You probably have a reasonable idea of what stocks are. Stock represents a fractional share of ownership of a company. If a company has issued a million shares of stock, and you own one share, then you own one millionth of the company, referred to as your equity. If the company makes a profit, and they distribute it to the owners as a dividend, then you will get one millionth of the amount of profits they distribute. When you own stock, your upside is unlimited, and your downside is, the company can go bankrupt and your shares will be worthless. However, you can't lose more than you invest, which isn't true of some other kinds of investments.
Bonds are pretty simple, too. A bond is a kind of loan note created by a company, saying that if you buy their bond, they will pay you back the face value of the bond on a specified date. This is called the maturity date, or when the bond comes due. Some bonds are sold at face value, but include periodic interest payments, called coupons, in a specified amount. (Once upon a time, bond certificates actually had some paper coupons printed on them that you had to clip off and physically redeem for your interest payment. Nowadays, for the great majority of bonds, you just register your bond and they send you the money.) Other bonds, called zero coupon bonds, or zeroes for short, don't make any periodic interest payment, and instead are sold at a discount to the face value. The interest is paid as the difference between what you bought the bond for and what the company repays you when the bond comes due. US Savings Bonds work like this.
Investing in bonds, like investing in stocks, has a downside limited to what you invest. The upside, however, is limited because when the bond matures, it's worth the face value and nothing more. On the other hand, when a company goes bankrupt, the stockholders have nothing, but the bondholders get first claim on the company's assets. Admittedly, that may not be much consolation.
Stocks and bonds can be bought and sold, and depending on how much people want to pay for them and how much they're willing to sell them for, the price may change with each transaction. When this happens to a share of stock, it represents a change in the market value of the company. When the share price goes up, it's because people think the company is more valuable, and when the share price goes down, people think the company is less valuable. The relationship between what people are willing to pay for a company, and what the assets and profitability of the company are, can be tenuous. Famous investors like Warren Buffett have made their fortunes by buying companies that have good profitability prospects when most people think their stock is a dog and it trades for some relatively small amount compared to its value. Everyone is familiar with the way stock prices go up and down, and it's reported every day on the news.
People are less familiar with the way bond prices fluctuate every day.
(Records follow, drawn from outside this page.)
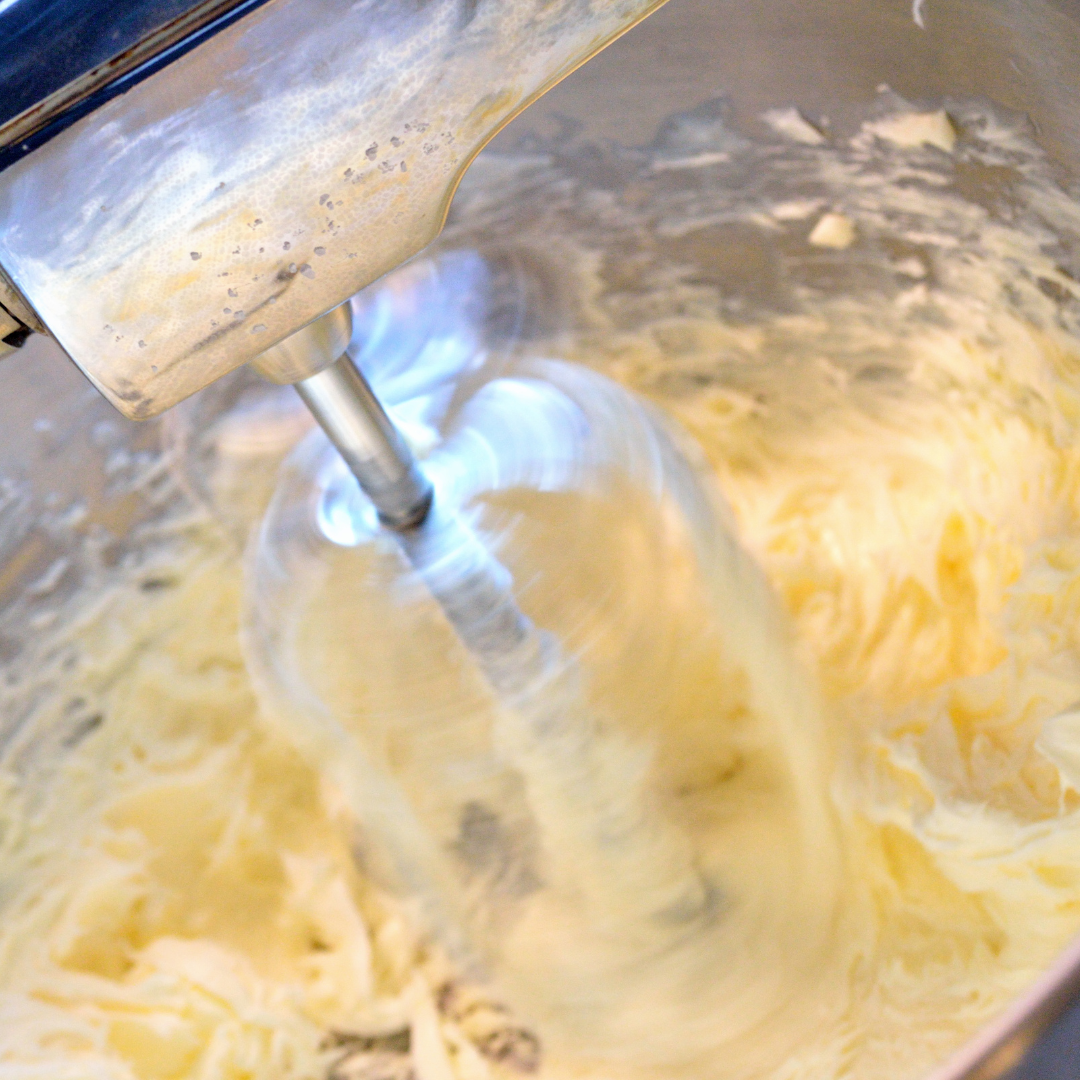 A mixer spinning creaming butter and sugar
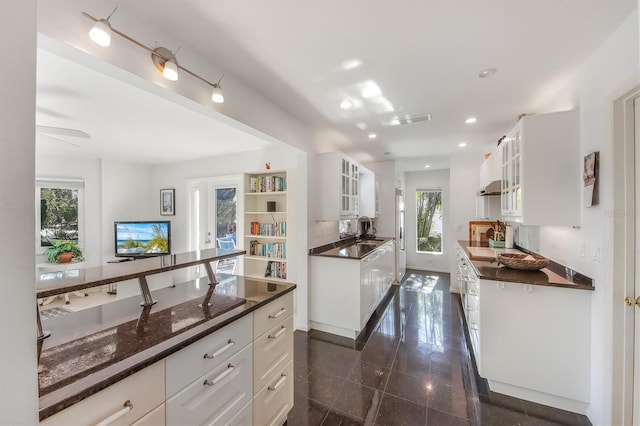 kitchen with white cabinetry and sink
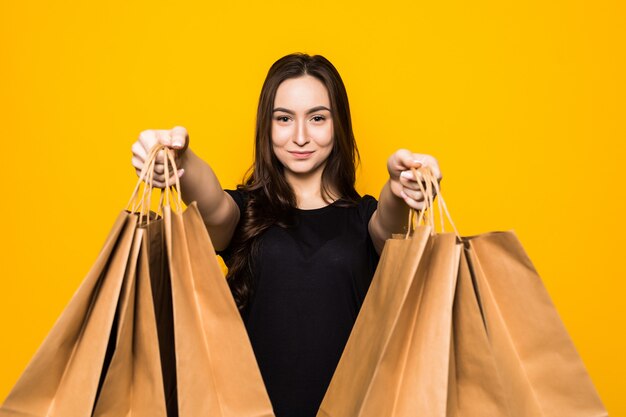 Feliz joven sosteniendo bolsas de la compra en una pared amarilla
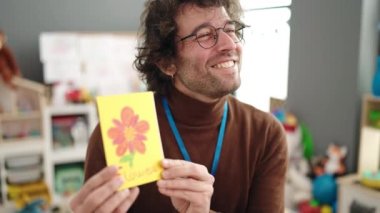 Young hispanic man preschool teacher having vocabulary lesson at kindergarten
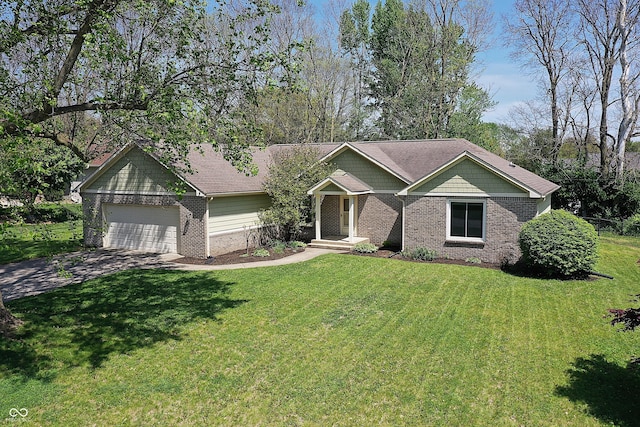 601 Shady Ln, Greenwood, IN 46142 - view of front of house with an attached garage, driveway, a front lawn, and brick siding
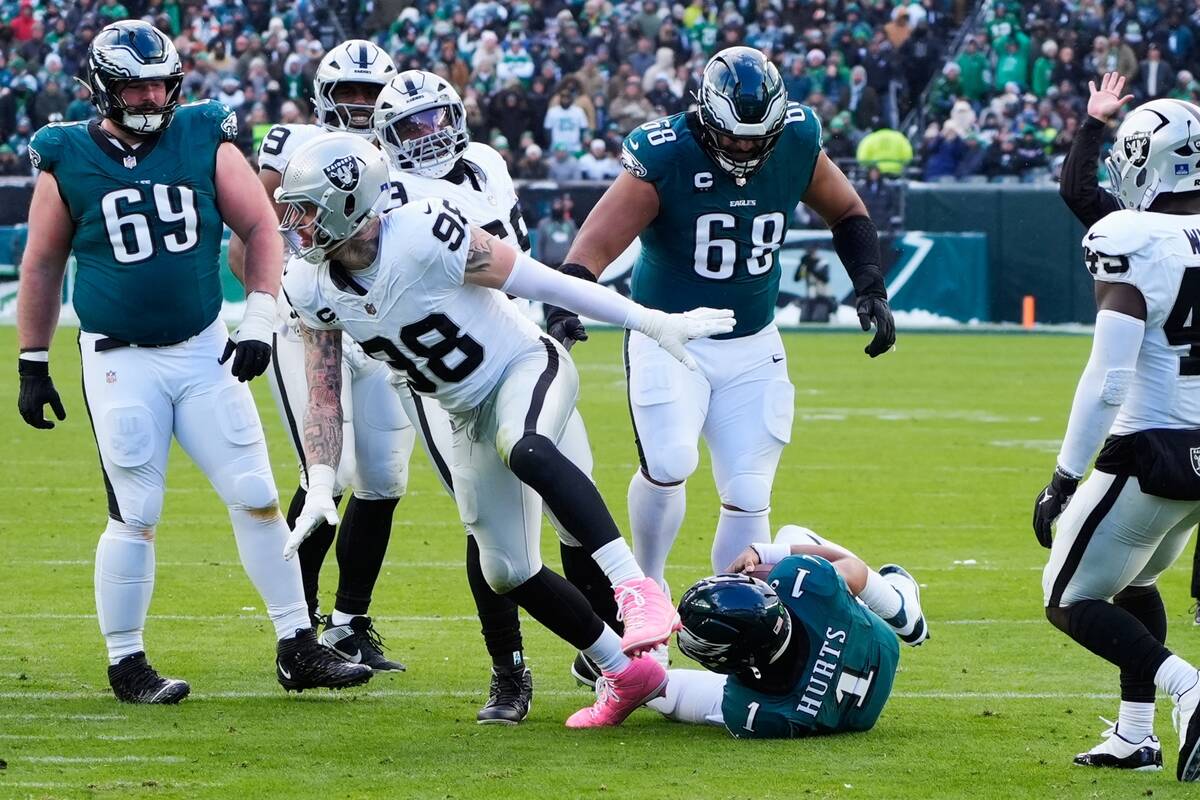 Las Vegas Raiders defensive end Maxx Crosby (98) celebrates after sacking Philadelphia Eagles q ...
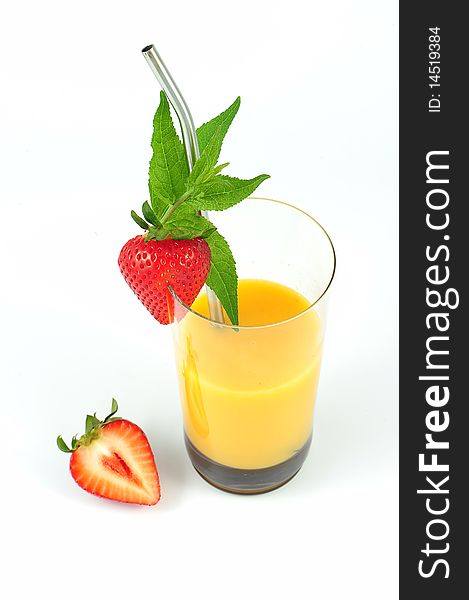 Orange cocktail with strawberry and spoon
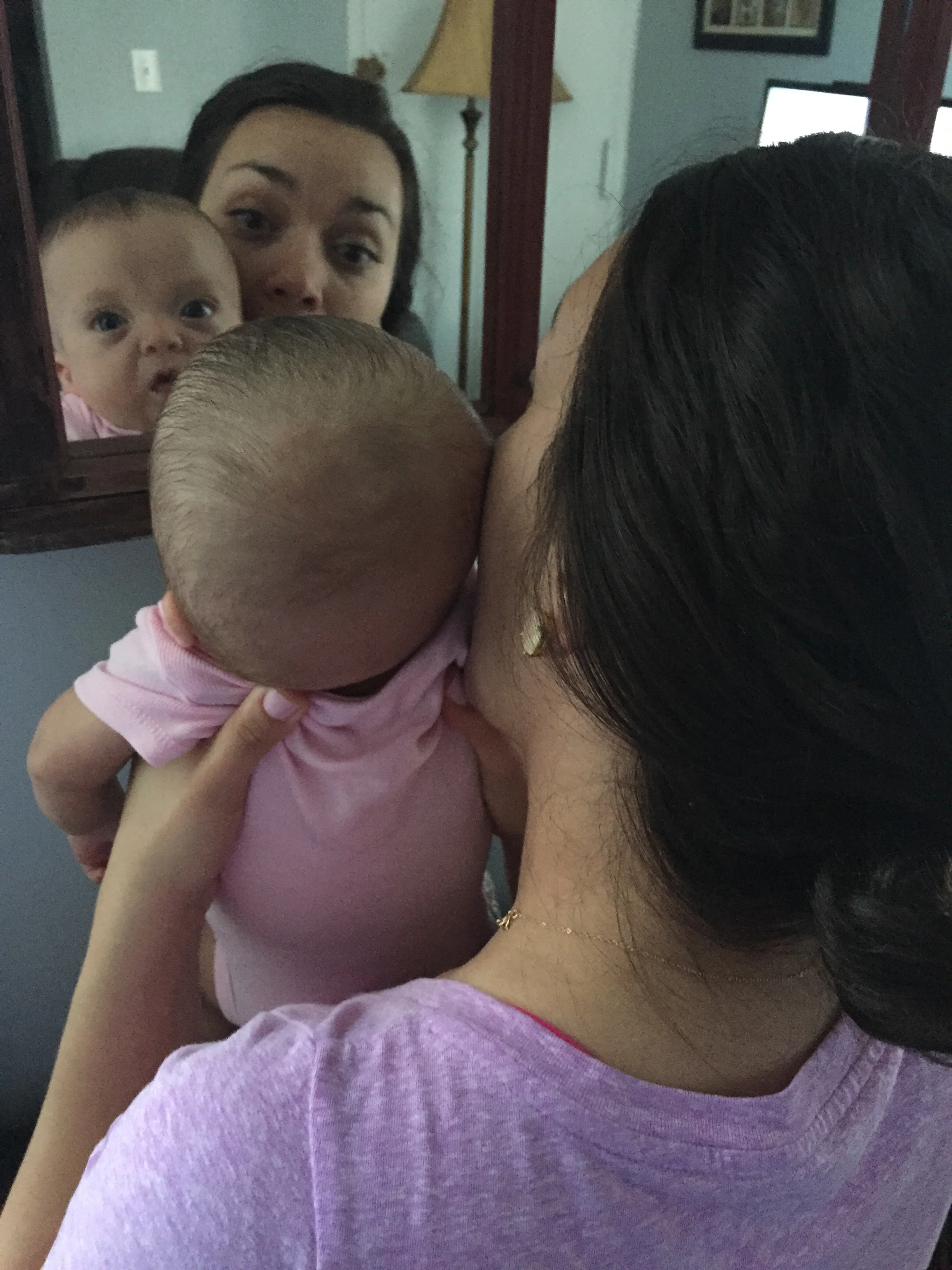 Lucie likes to play and look in the mirror. 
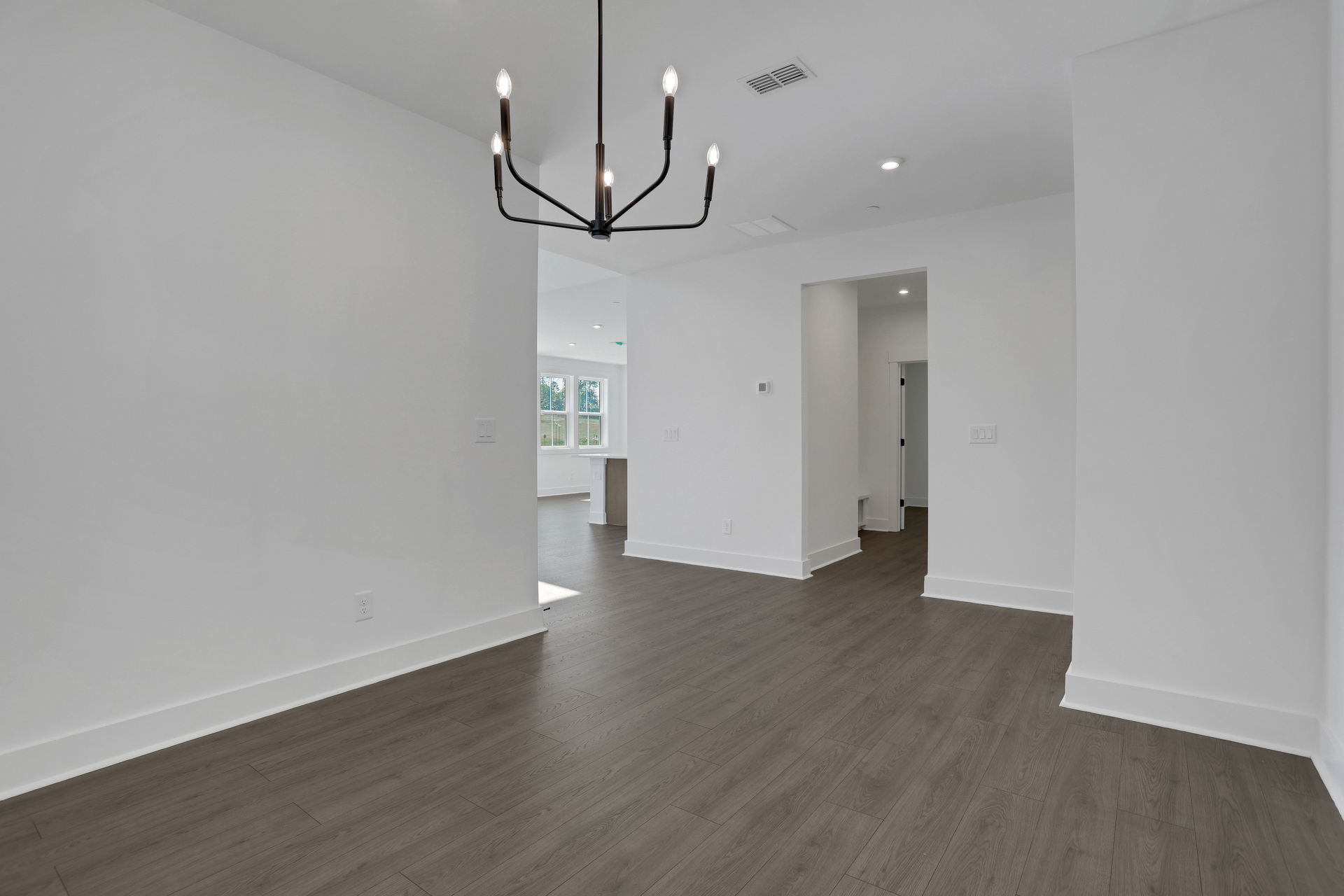 dining room with hard surface flooring and matte black light fixture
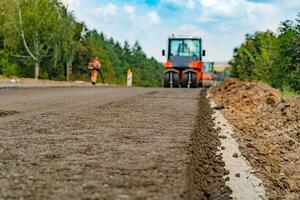 vibrating roller machines are compacting asphalt on the road. photo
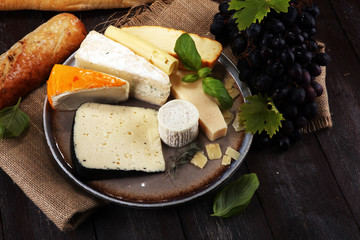 Cheese platter with different cheese on rustic plate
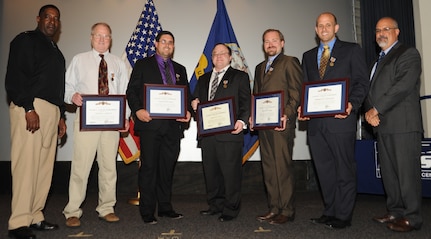 IMAGE: DAHLGREN, Va. (Nov. 1, 2017) - Five recipients of the Secretary of Defense Medal for the Global War on Terrorism (GWOT) Medal are flanked by Naval Surface Warfare Center Dahlgren Division (NSWCDD) Commanding Officer Capt. Godfrey 'Gus' Weekes and NSWCDD Technical Director John Fiore at a ceremony held at the command's leadership meeting. The GWOT Medal was presented to the NSWC Dahlgren employees to recognize and honor their contributions and accomplishments in direct support of the armed forces engaged in operations to combat terrorism. Standing left to right are: Weekes, Daniel Carlyle, Cameron Sorlie, Andrew Davis, Jeremiah Lange, Matthew Vaerewyck, and Fiore.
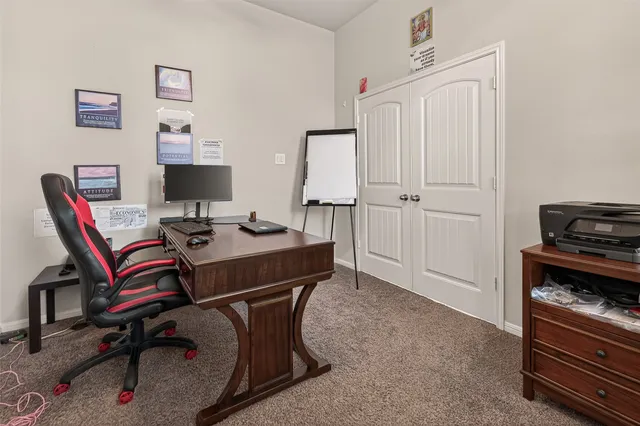 a view of a workspace with furniture and a window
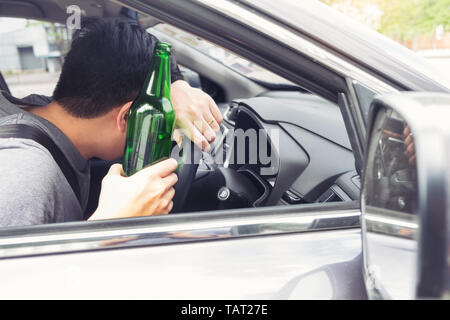 Don't Drink for Drive concept, Young Drunk man drinking bottle of beer or alcohol during driving the car dangerously. Stock Photo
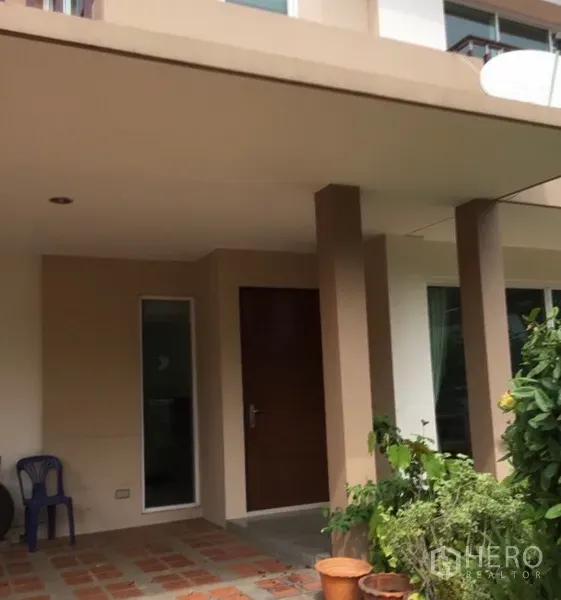 บ้าน ให้เช่าในBang Phli, Samut Prakan - เฉลียงหน้าบ้านมีเสาและต้นไม้ นำสู่ประตูทางเข้าหลัก
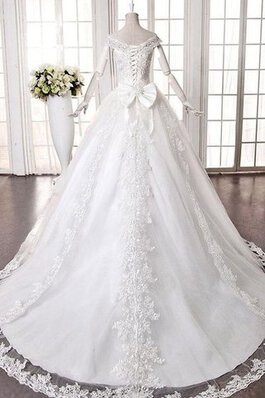 Robe de mariée manche nulle décolleté dans le dos avec perle de sirène avec broderie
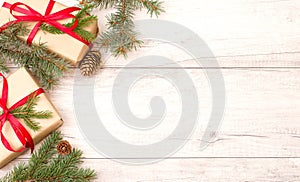 Christmas background, wallpaper. Happy New Year composition. Christmas gift with red ribbon, pine cones, fir branches on wooden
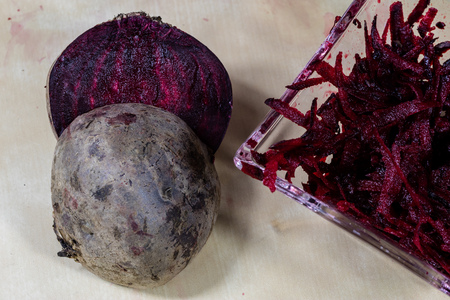 Beet grated on a kitchen grater. Kitchen countertop and preparation of salads. Dark background.の写真素材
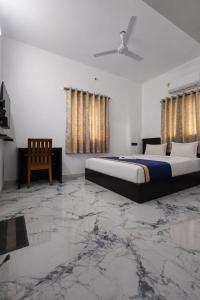 a bedroom with a king sized bed and a chair at Hotel Rhythms Residency in Chennai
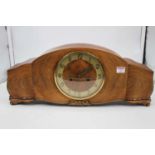 A 1950s walnut case mantel clock, the circular chapter ring with applied Arabic numerals and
A bond has a fixed interest rate, but we know that interest rates change all the time, though not quite like stock prices do, A bond that pays 5% when the prevailing interest rate is 10% is not a very good deal, and so its price goes down. In fact, its price goes down about 5% for every year to maturity, until the effective difference between the 10% interest you can get on a new bond and the 5% you get on the old bond is gone. Say you have a $1000 face value bond that matures next year, and it pays 5%. If the current interest rate is 10%, then your bond's price in the marketplace will have fallen to about $955, which is what that $1050 you're due to collect next year in principal and interest is worth as an investment that pays 10%. On the other hand, if the current interest rate is a measly 1%, then your 5% bond is a pretty good deal, and someone would probably pay close to $1040 to take it off your hands. So you see how bond prices change to reflect the current interest rate situation.
The other thing that affects the bond price is a change in the creditworthiness of the company issuing the bond. When you buy a bond from the government, you're going to get paid back barring something like a nuclear war or planet-killing asteroid, in which event you probably don't care much. Companies, on the other hand, have a nasty propensity to go out of business, or lose lots of money, and might not be able to pay you back. How likely a company is to pay back its bondholders is measured by its credit rating. Companies with excellent credit ratings can sell their bonds at relatively low discounts or alternatively, with relatively low interest rates, at or just above the rates on government bonds. Companies that have not-so-good credit have to offer a bigger discount, or higher interest rate, to interest people in their bonds. Crummy credit ratings lead to really high interest rates on bonds, which are usually called junk bonds and represent a real gamble.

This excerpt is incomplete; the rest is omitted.